Archive for February, 2016
Shortly after the WFWA workshop ended, I started the first of three One Story workshops. The first, Write a Short Story with Hannah Tinti presented a method to write a complete short story in a few days. It was fun, although I think it might have worked better if you had characters or a situation in mind before you started. I did end up with a complete but short piece, although I’m not sure how much I really like it.
For me, the platform the class used was a bit overwhelming. I have no idea how many people were taking this class. People posted the new bits of their story and others commented, but this seemed to be a jumble, with so many storylines and so many people, it was hard to keep track whose character was in which story. Eventually I more or less randomly chose a few participants to focus on. If others were kind enough to comment on my submissions, I returned the favor. This soon narrowed the number of people I was following to a more reasonable number, although it was still a jumble with no real flow that I could determine.
I did figure out a few other “tricks.” To get your submission to appear near the top of the list, it was good to comment on everyone’s comment, even if only to thank them. Eventually I also figure out there was a way to mark all the comments you had read so you could see what was new. And of course, the best way to get others to comment was to comment on their submissions.
The next class was Become Your Own Best Editor where the participants read an initial submission, subsequent editorial comments and the changes the author made to the piece up through the final printed version. There were probably fewer participants in this class and in this case it wasn’t quite as necessary to keep the continuity with who said what where. My personal take-away was I really don’t want to be an editor because I was bored rereading the same story over and over. Hannah Tinti and the other editor involved both made insightful comments that apply to most any story rewrite. This workshop has been offered using a different story published in One Story with a different editor so could be taken a second time.
From Character to Story:A Craft Intensive with Editor Patrick Ryan also offered some useful tips. By this time I was familiar with a number of the other participants and it was easy to look for them and read their comments.
The next offering from One Story starts on March 11, My Evil Twin is an Editor, or What the Soaps Taught Me About Writing.
These classes have varied in their helpfulness, but are good for connecting with other writers. Probably which class you’d find most insightful would depend on where you are in your writing career. It should be noted that many known names and people with much success enroll in these courses as well as people who have not written much.
I’m not wild about the platform and the number of participants, but if chaos doesn’t bother you or you don’t want to interact, these may work equally well for you. For some people the amount of work/number of lessons in a short period of time can be difficult, too.
Since I stopped regularly blogging at the end of 2014, I’ve taken numerous online writing courses/workshops from a number of sources. Possibly my thoughts on some of the classes would be of interest or use to other writers. I will present each class in chronological order and follow up with a post on which I found most helpful and why.
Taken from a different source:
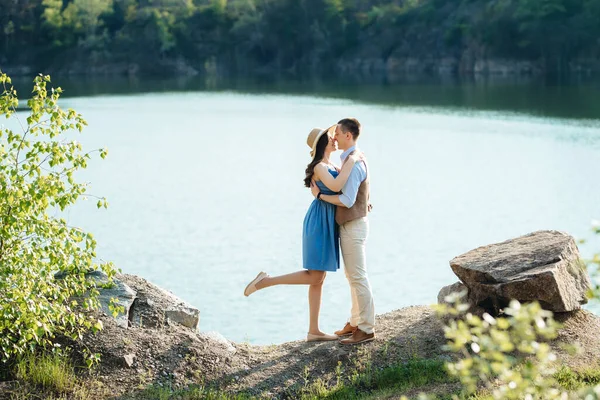 Una Pareja Joven Chico Una Chica Están Caminando Cerca Lago —  Fotos de Stock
Early in 2015 I did a workshop with Donald Maass through the Womens’ Fiction Writers Association. Improvements were made in the platform used for this workshop last year so it was a little easier to keep track of what you’d read by whom. Mr. Maass did manage to comment on most people’s assignments, too. Each year has a slightly different focus, so it is worth retaking each year.This is the information directly from the WFWA website:
Some manuscripts sparkle and gleam. What not only catches the eyes of agents and editors but holds them in thrall all the way through? What signals “commercial” to industry types? How can you give your project that radiance without compromising its integrity?
Topics will include:
High concept elements that don’t feel cheap.
Why readers really fall in love with protagonists.
Story worlds we don’t want to leave.
Entertaining versus illuminating.
Voices we hear versus voices we ignore.
This is a hands-on workshop with five writing assignments spread over two weeks. Presented by New York literary agent and teacher Donald Maass, author of Writing the Breakout Novel, Writing the Breakout Novel Workbook, The Fire in Fiction and Writing 21st Century Fiction.
Registration open from February 15 through March 10.
This year’s workshop runs from March 14-March 26. The cost is a reasonable $45 but you do have to first belong to the association. Dues for that are $48.